◆ Exercise requirements
In the listing below, find the line with "Scaun Stanga Sofer" and the line with "Organic Sweatpants - Oxblood", then return them and every line between them exactly, minus the pictures.

◆ Information provided
-*-
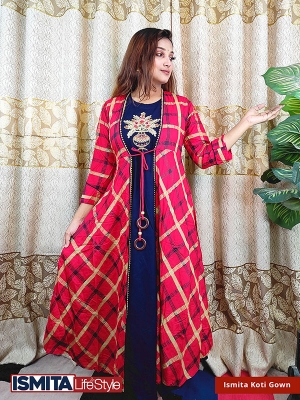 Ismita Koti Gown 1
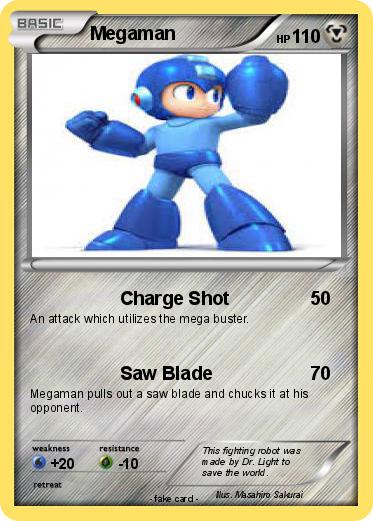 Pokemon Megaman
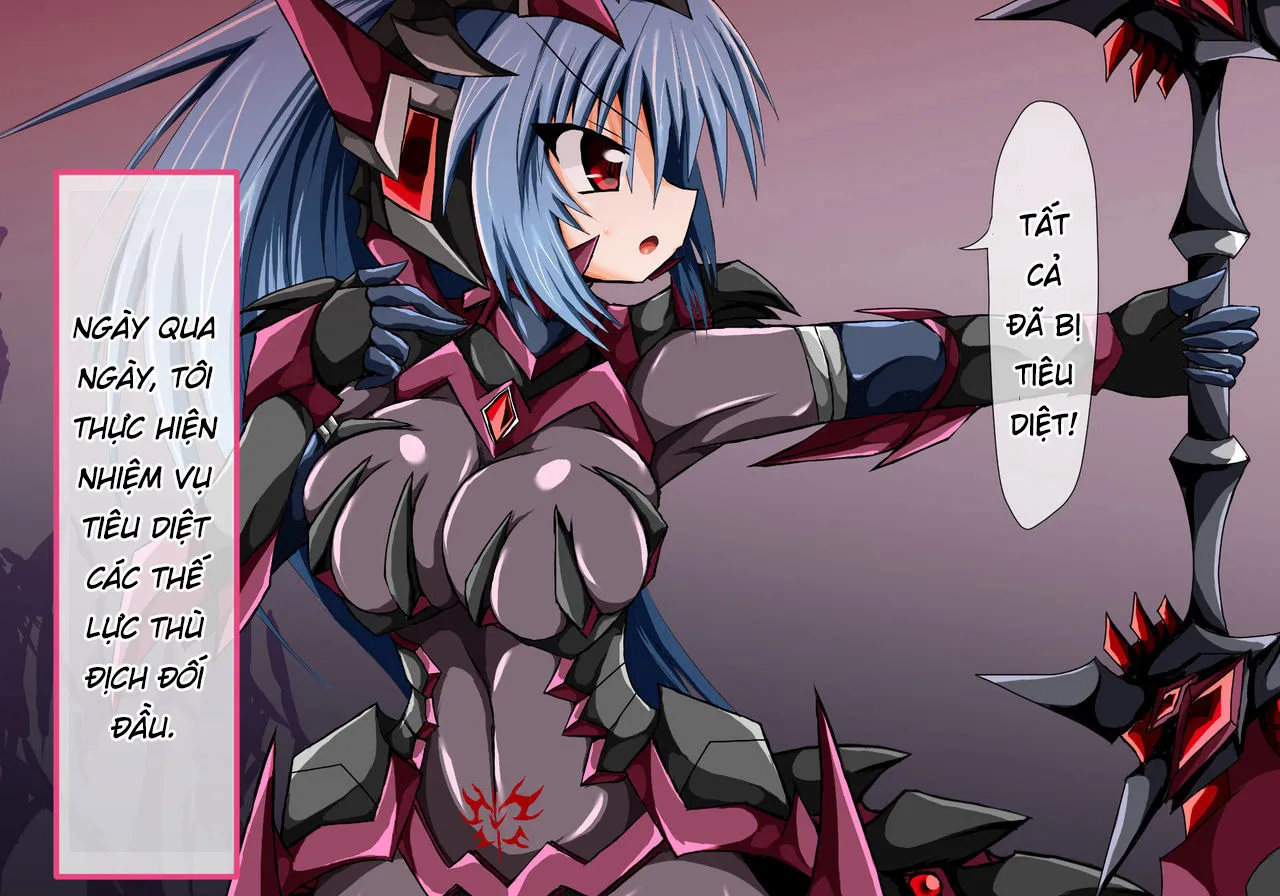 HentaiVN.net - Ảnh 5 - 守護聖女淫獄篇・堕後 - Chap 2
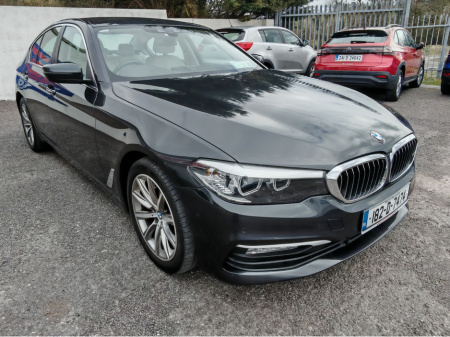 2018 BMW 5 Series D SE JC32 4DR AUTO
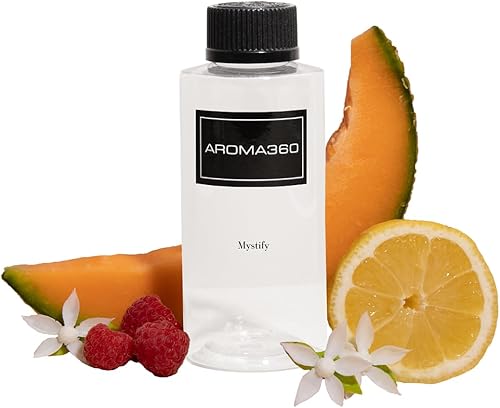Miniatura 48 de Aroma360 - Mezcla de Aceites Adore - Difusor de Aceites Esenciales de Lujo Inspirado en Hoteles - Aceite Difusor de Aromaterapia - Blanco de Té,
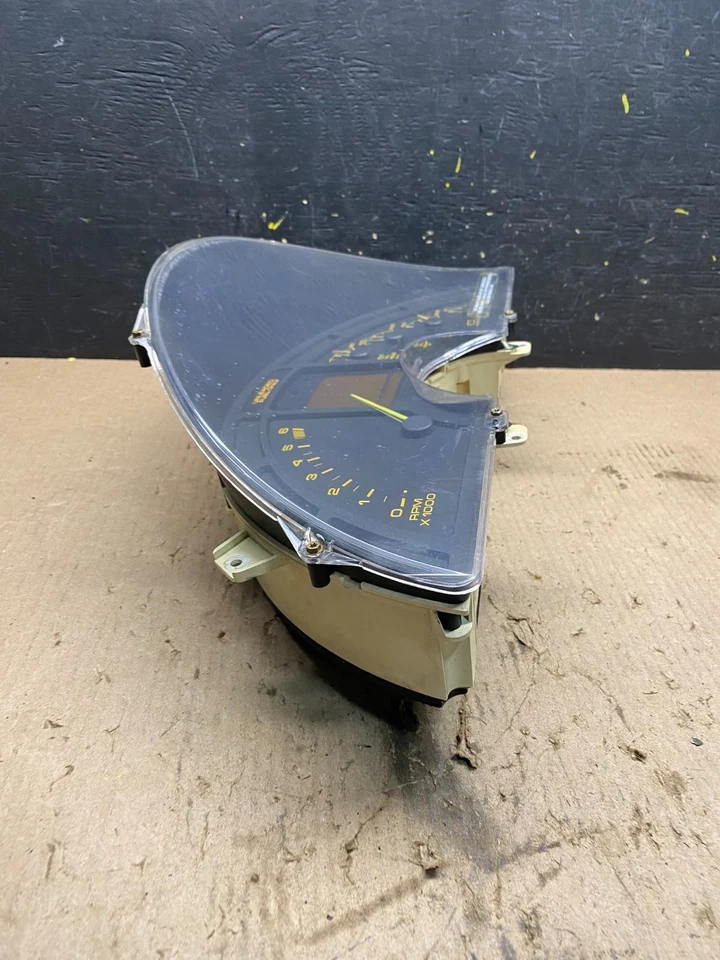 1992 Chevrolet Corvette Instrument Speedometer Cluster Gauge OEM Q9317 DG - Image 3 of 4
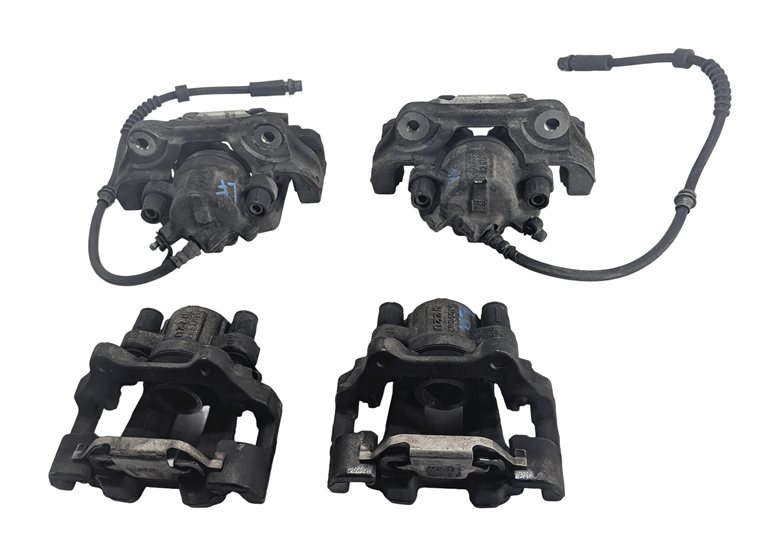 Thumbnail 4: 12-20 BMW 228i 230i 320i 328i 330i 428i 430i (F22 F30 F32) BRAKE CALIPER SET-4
-*-
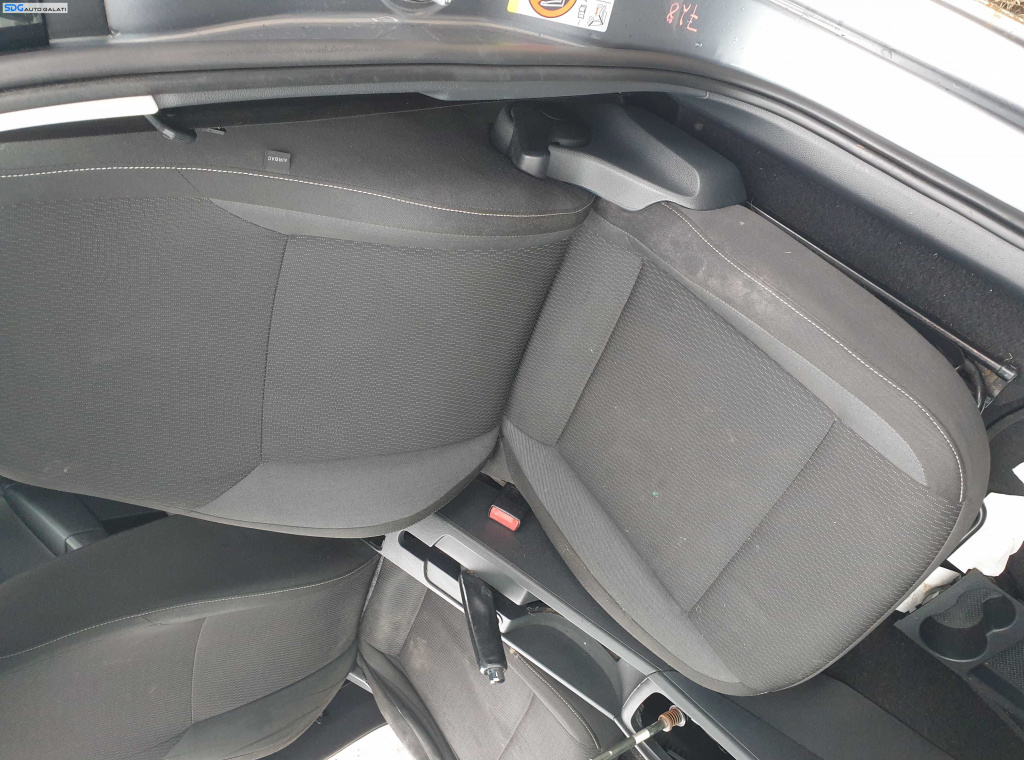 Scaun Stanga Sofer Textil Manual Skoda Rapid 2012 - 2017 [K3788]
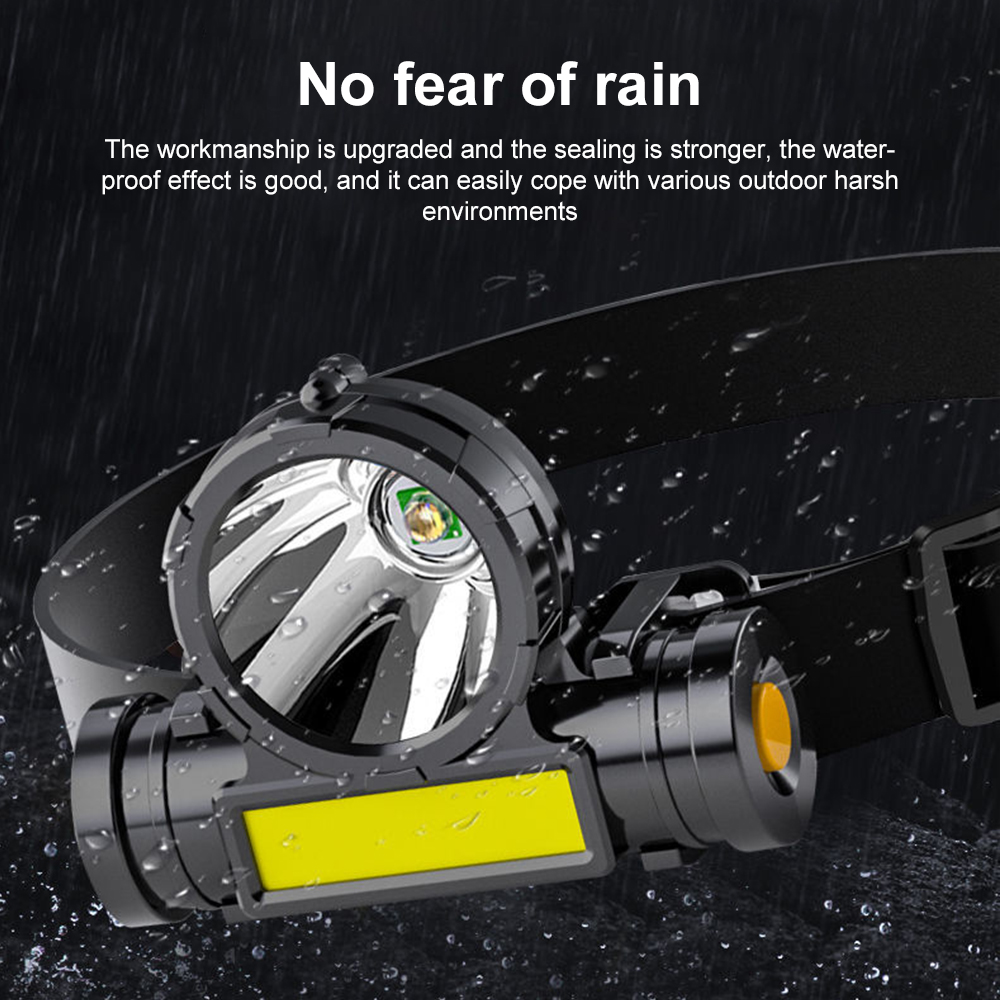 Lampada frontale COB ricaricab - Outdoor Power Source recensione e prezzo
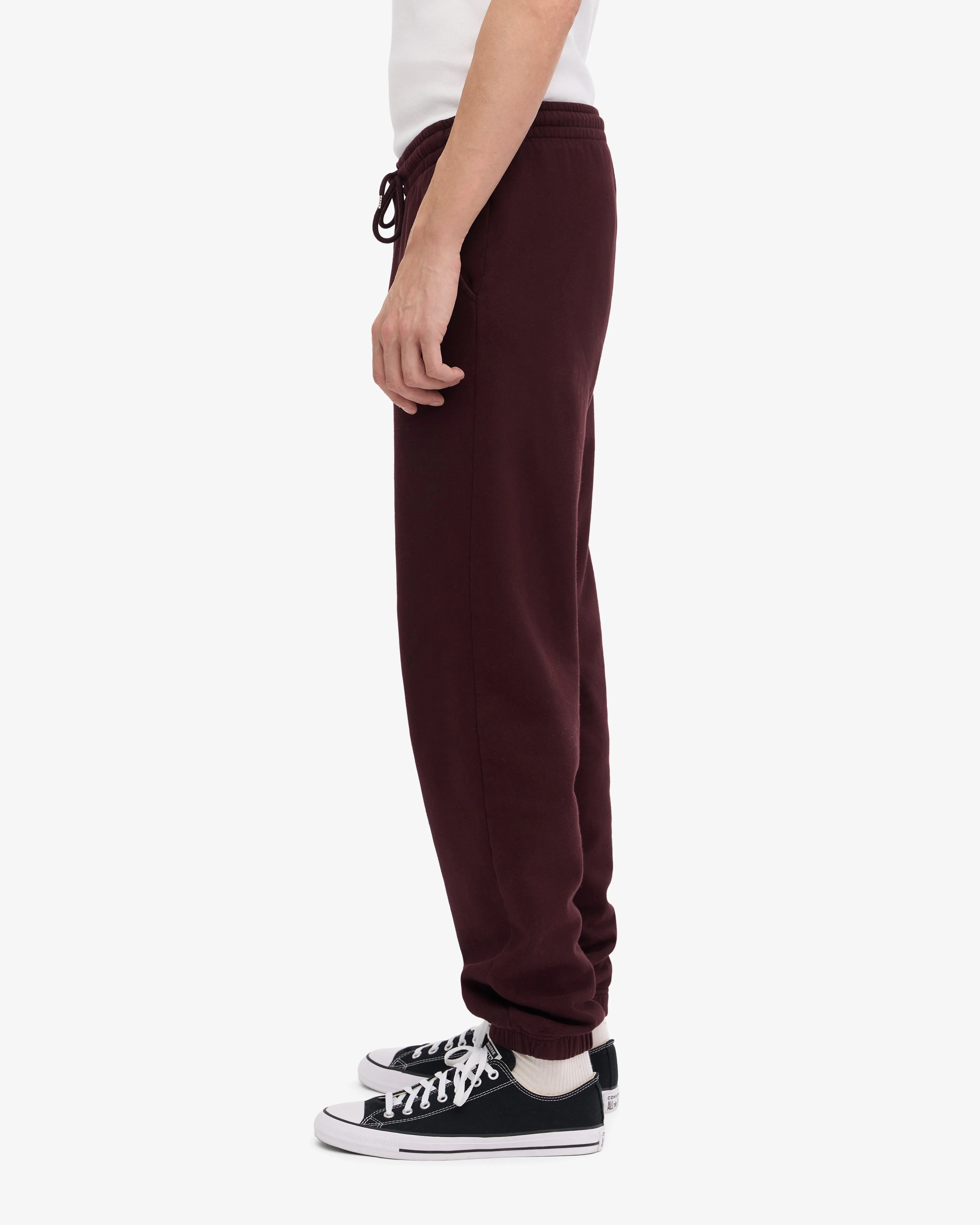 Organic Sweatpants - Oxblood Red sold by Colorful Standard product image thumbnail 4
-*-
◆ Solution to the exercise
 Scaun Stanga Sofer Textil Manual Skoda Rapid 2012 - 2017 [K3788]
 Lampada frontale COB ricaricab - Outdoor Power Source recensione e prezzo
 Organic Sweatpants - Oxblood Red sold by Colorful Standard product image thumbnail 4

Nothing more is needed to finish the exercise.